◆ DATA TO USE:
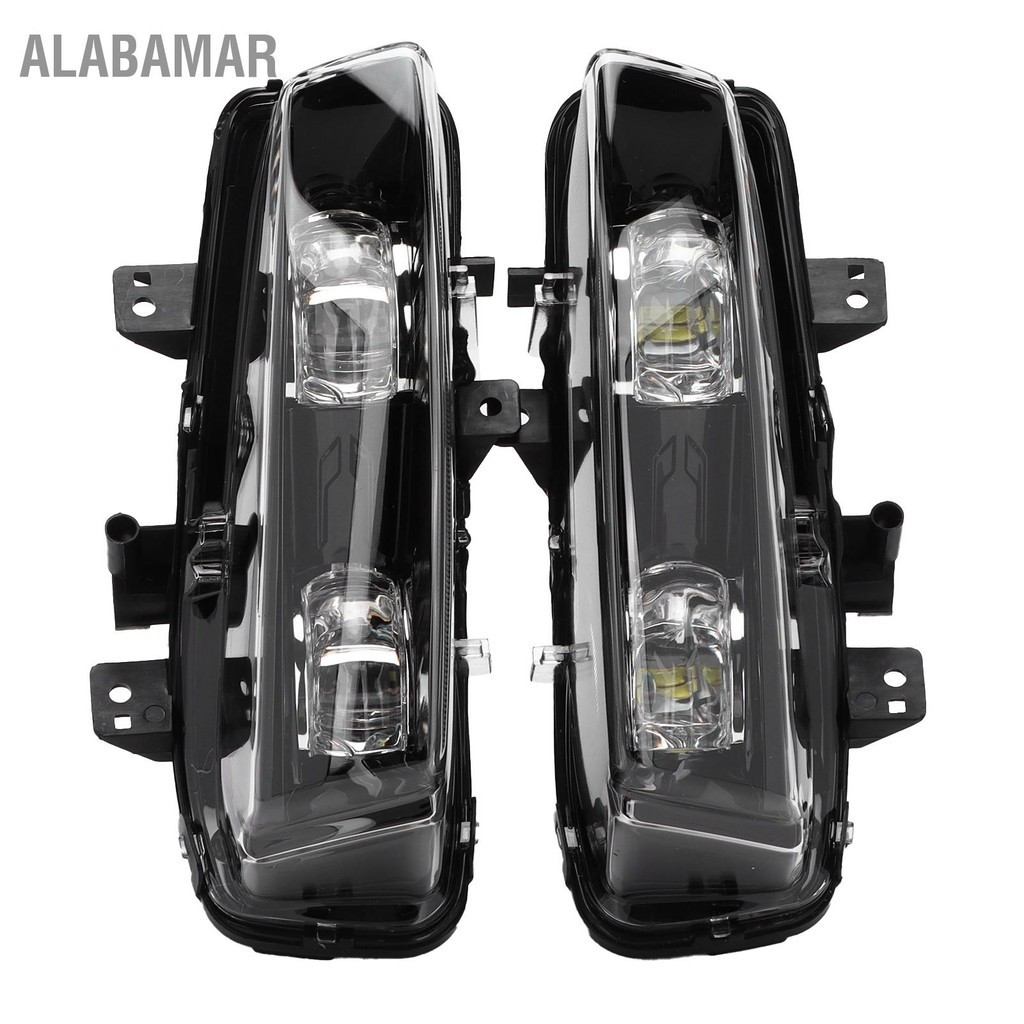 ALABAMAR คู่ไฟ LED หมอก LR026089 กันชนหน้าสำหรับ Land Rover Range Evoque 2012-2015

* * *

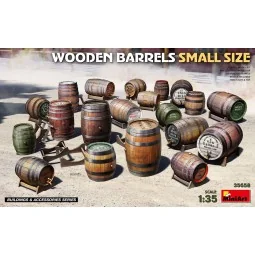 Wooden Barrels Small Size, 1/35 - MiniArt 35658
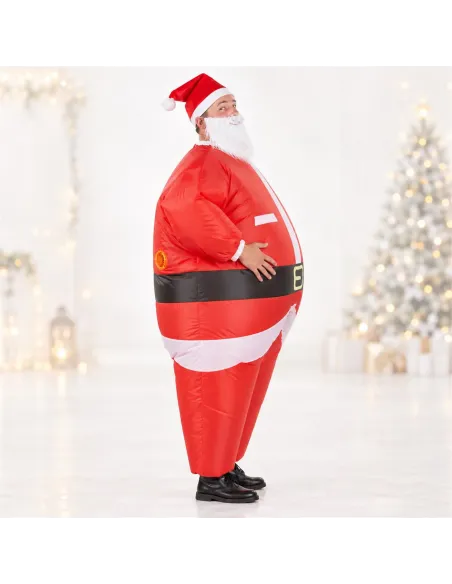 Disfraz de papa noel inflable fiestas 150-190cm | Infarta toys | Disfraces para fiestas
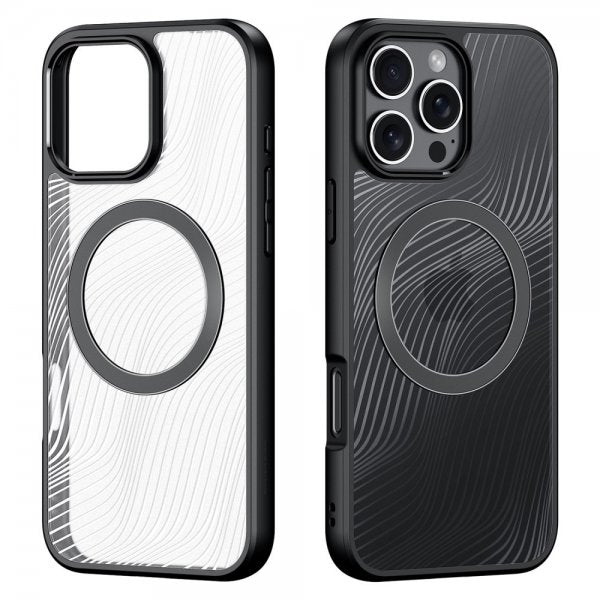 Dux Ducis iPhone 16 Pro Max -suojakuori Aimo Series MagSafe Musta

◆ WORK TO COMPLETE: When you reach the line with "Disfraz de papa" in the records above, start writing out each line exactly, and stop after the line with "Dux Ducis iPhone". Pictures stay out.

◆ TASK RESULT:
 Disfraz de papa noel inflable fiestas 150-190cm | Infarta toys | Disfraces para fiestas
 Dux Ducis iPhone 16 Pro Max -suojakuori Aimo Series MagSafe Musta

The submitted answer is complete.